While it seems clear that compliance is required going forward, since the Supreme Court found that the relevant DOMA section was always invalid, there may be retroactive claims from employees who were denied benefits in the past or are currently receiving other forms of payment. For example, defined benefit plans are not required to provide pre-retirement or post-retirement death benefits for unmarried participants, so, for example, same-sex widows or widowers might now claim that they should receive retroactive lump sums or survivor annuities.
We do not yet know whether retroactive compliance will be required, or, if it is, how far back to go. We hope that guidance applicable to private employer plans will be issued soon. A memorandum has already been issued by the U.S. Office of Personnel Management giving employees and annuitants under federal government plans 60 days from June 26 (the date of the Supreme Court decision) to make immediate changes to their health plan enrollment and giving all retirees in same-sex marriages two years from June 26 to elect any changes to their federal retirement benefit based on marital status.

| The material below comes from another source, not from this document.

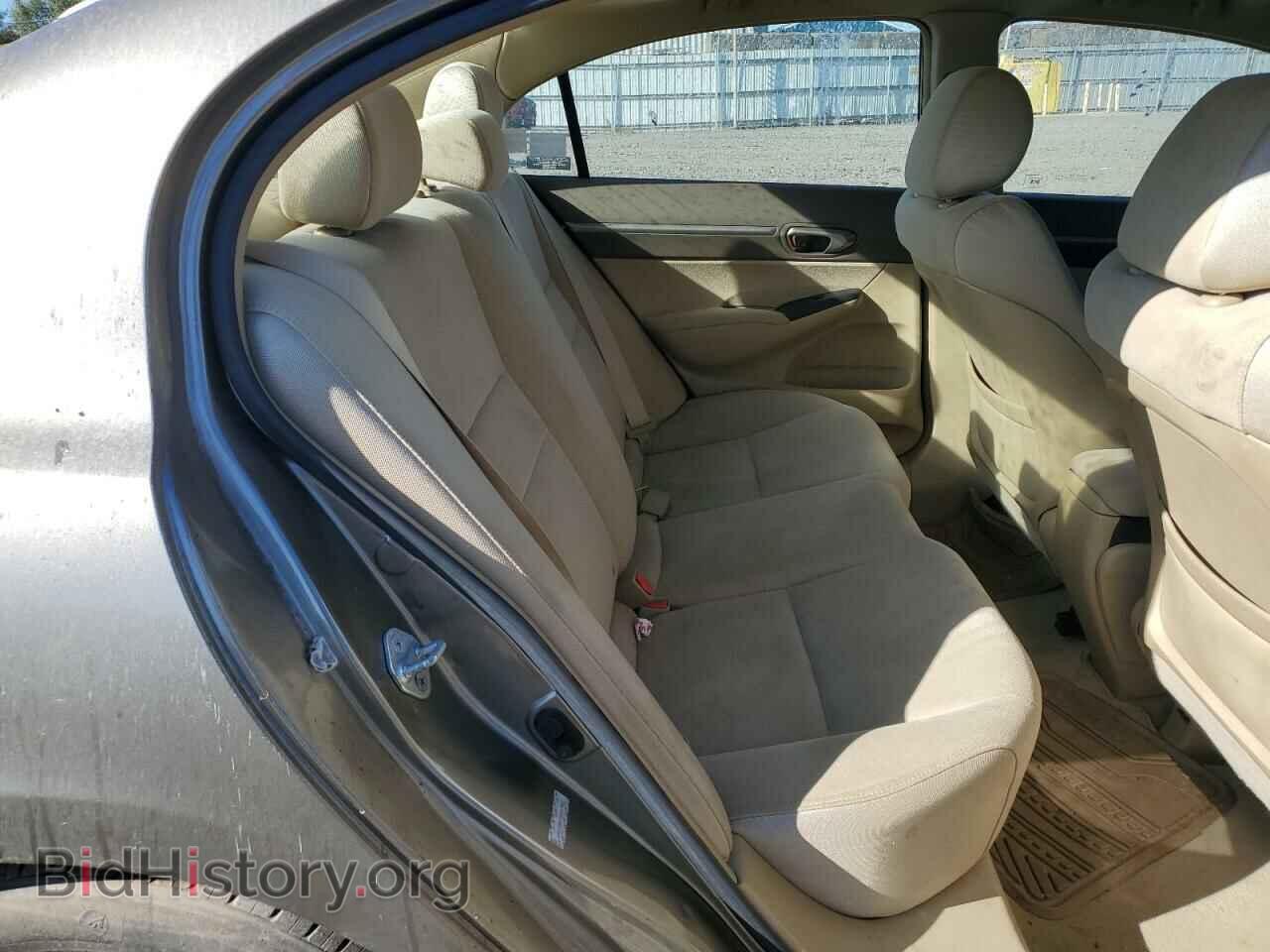 2006 HONDA CIVIC - VIN: JHMFA36236S007988 - Фото 10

There seems to be no clear requirement at this time for private employers to permit employees already in pay status to change the form of payment of their pensions as federal employees will be permitted to do. This, in fact, could be viewed as prohibited under regulations on required minimum distributions. For this kind of retroactive change, a wait-and-see-approach would be the most appropriate at this time.
There does, however, appear to be a clear opportunity to claim refunds of taxes improperly paid in the past. Employees who were taxed on their cafeteria and flexible benefit plan participation may file for refunds, so employers could be required to issue corrected forms W-2. Employers may also wish to file for refunds of FICA paid based on same-sex spouse participation in such plans.
The Canadian Experience
Same-sex marriage all across Canada has been recognized for eight years now and legislation started being amended several years before that to recognize same-sex partnerships, including pension standards legislation. In the wake of the recent U.S. Supreme Court case, Canadian companies with U.S. operations will need to turn their minds to these issues once again.
If the Canadian experience is any indication, we would expect further litigation over effective dates and implementation. For example, the 2007 decision of the Supreme Court of Canada in Canada (Attorney General) v. Hislop considered the constitutionality of the federal legislative response to its 1999 decision striking down the restrictive definition of “spouse” in the Family Law Act (Ontario). In Hislop, certain Canada Pension Plan restrictions on same-sex survivor benefits were found to be unconstitutional. Nevertheless, the Court did not grant full retroactivity of benefits to 1985, when section 15(1) (the equality rights section) of the Charter of Rights and Freedoms came into effect.
Given the number of open questions and the speed with which the federal government is moving to change its own benefits, compliance guidance for private employers is sorely needed. A threshold issue of major importance is whether to look at the law of the state in which the couple lives or the state or country in which the marriage was performed to determine whether a same-sex marriage is valid. Another threshold issue is when conforming amendments will be required to be adopted. Plan sponsors need to keep abreast of all new authority in this area.
Compliance Action Plan
Plan sponsors also need to coordinate with their legal counsel regarding plan document changes and with their recordkeepers, administrators and payroll providers to correctly implement the compliance practices that they adopt. Finally, they will also need to clearly communicate with employees to notify them of plan changes.